Critical Pedagogy in the Age of Obama
Critical Pedagogy in the age of Obama
For the past ten years I have practiced a form of critical pedagogy in all of my undergraduate and graduate classes. Regardless of the content of the course, I have tried to encourage my students to think more critically about the political nature of schooling and education; to examine the relationship between knowledge and power; to address subtleties of ideology in the teaching and learning process; to think through the notion of authority; to analyze the formation of social identities; to critique social norms and take an accounting of the affects of these norms in terms of exclusion and inclusion; to think about the relationship between institutional and individual needs; to analyze what are often contradictory values in capitalist and democratic discourses; and to become aware of how dominant epistemological frameworks position our understanding of what is possible.
Because there are so many misrepresentations of critical pedagogy, it should be noted that I try to practice a form of critical pedagogy that is sensitive to the notions of fallibility and positionality. My ultimate goal as a critical pedagogue is to provide the opportunity for my students to think beyond the parameters of dominant power so that they may make informed, ethical decisions about the challenges they will face in their everyday and professional lives. However utopian it may sound, I want them to become free thinkers, which means that, together, we struggle to understand how, what and who limits our ability to freely think. This is important, because too often critical pedagogy has been caricatured as a rigid, universalizing discourse that attempts to push students to think and act in a certain way. If anything, critical pedagogy is an evolving discourse, one that continues to adjust itself to changing times and the construction of new knowledge.
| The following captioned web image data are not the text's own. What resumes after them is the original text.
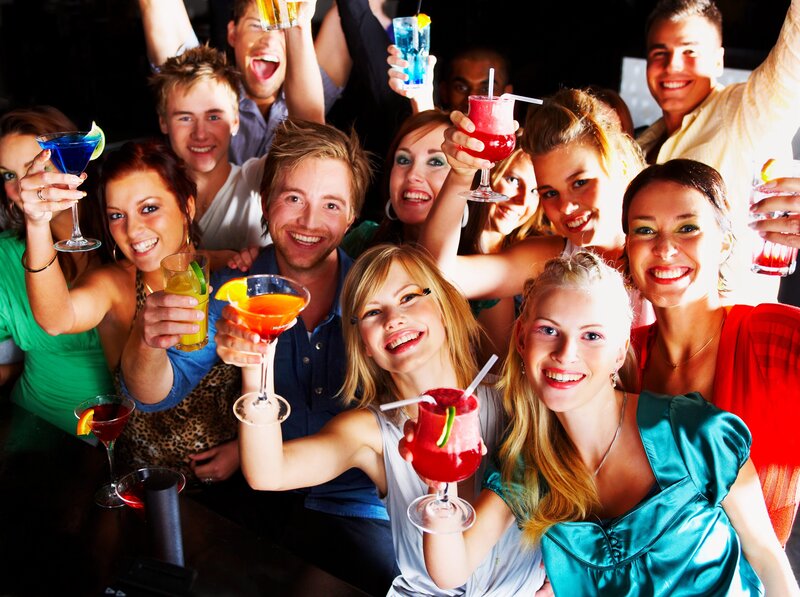 Friends celebrating with cocktails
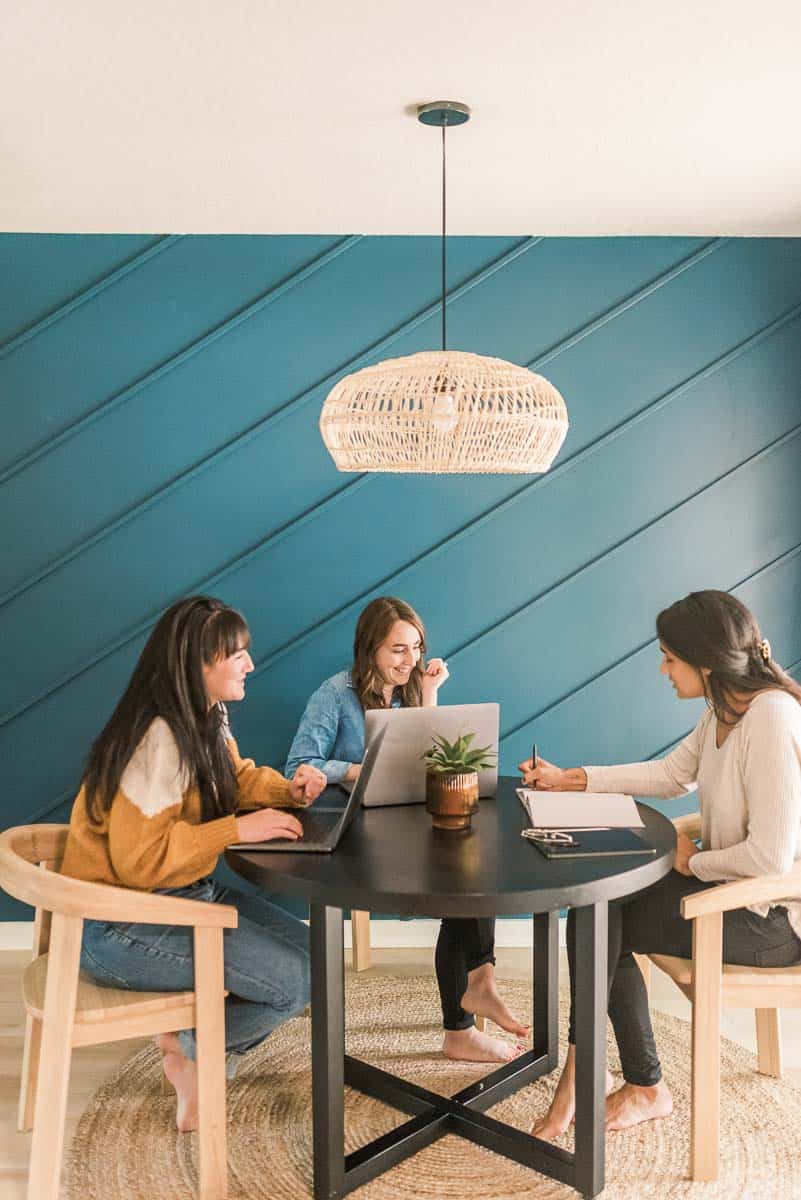 opened laptop on desk with blue accent wall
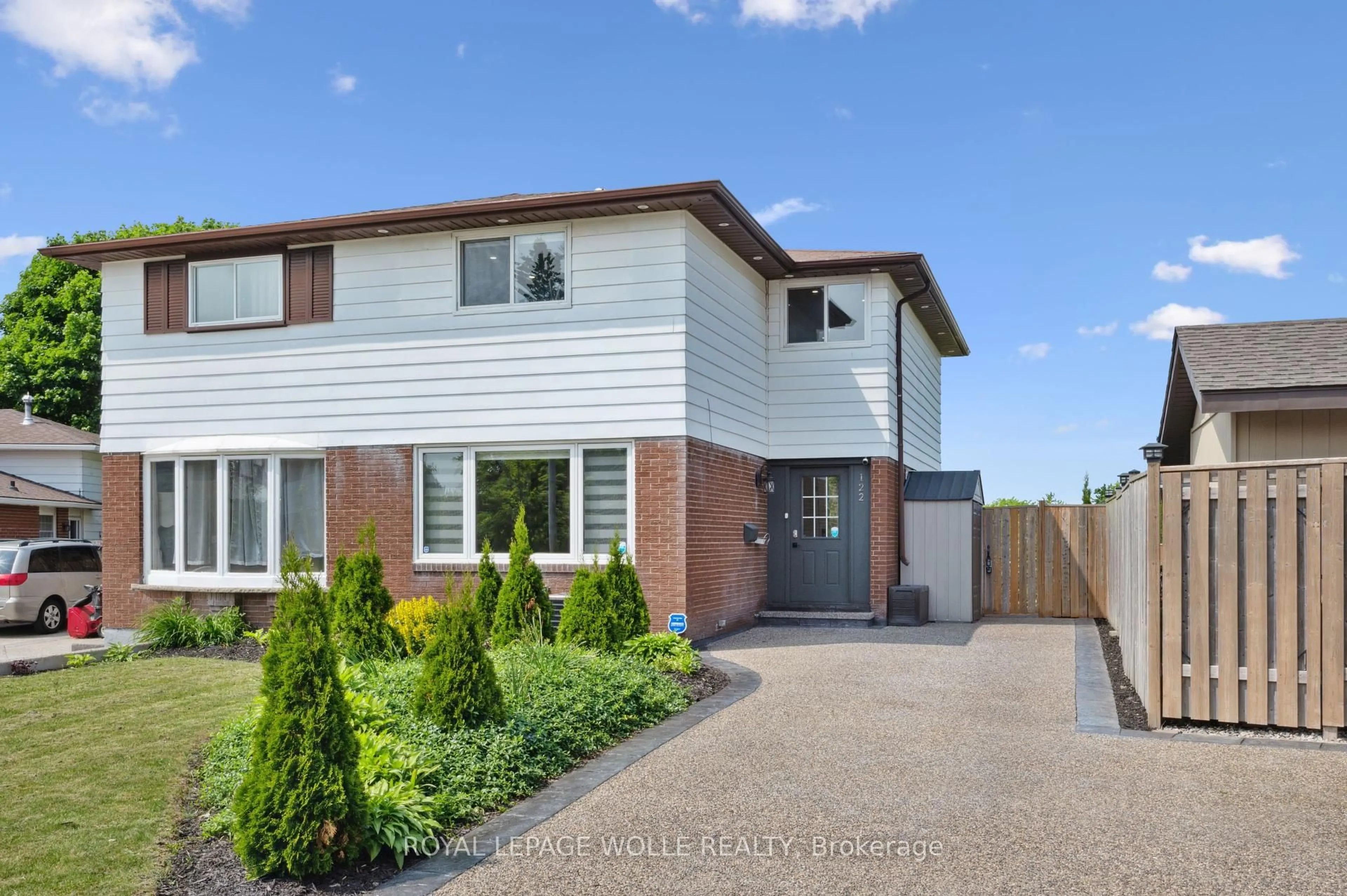 Home with brick exterior material, street for 122 Mooregate Cres, Kitchener Ontario N2M 2G1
Under the regime of George W. Bush, Karl Rove, Donald Rumsfield, and Dick Cheney to name only a few of the leaders of the new conservatism, critical pedagogues have had, to say the least, easy targets. As neo-conservatives systematically gutted constitutional protections, weakened the rule of law and democratic institutions, and effectively made cynicism the heir apparent to knowledge, many of us who are committed to deepening democratic life through both grassroots struggle and intellectual work have had a field day critiquing and fighting against what can only be called the gross negligence of these ideological commissars. Combine this gross negligence with the kind of educational malpractice that has been allowed to go on under the banner of a socially conservative neoliberalism and we have the perfect storm for intellectual critique and analysis.
But with the election of Barack Obama, the language of change, hope, and possibility, once a rallying cry for critical pedagogues, is quickly seeping into the nation’s vernacular. This, it would seem, would be a reason to celebrate. But before we get too giddy from the elixir of our apparent success, I want to bring attention to a few new pedagogical and educational challenges that I see on the horizon in spite of, or maybe because of President Obama’s magnificent win. I expect that many teachers are already dealing with some of the unexpected fall-out from his election.
The first major hurdle Obama’s election creates is born out of the beautiful reality of the first person of color elected to the highest office in the United States. For many liberals and conservatives this means that race is no longer important or as important a theme for the nation. Indeed, much ink has been shed declaring the end of racism and our capacity as a nation-state to move beyond the issue of race. Apparently, for many we now live in a post-racial nation state. For liberals, Obama’s election signified their long-running dream of living in a colorblind society, a world in which racial differences no longer affected our perceptions of each other or shaped opportunities, specifically in terms of education and work. In a colorblind society, every person, regardless of skin color would have the same opportunities, which assumes that people would also have the same healthcare, education, cultural opportunities, and economic justice. With the election of President Obama, many seem to believe that we have either arrived, or at the least, moved closer to this utopian state of consciousness and the reality of equality.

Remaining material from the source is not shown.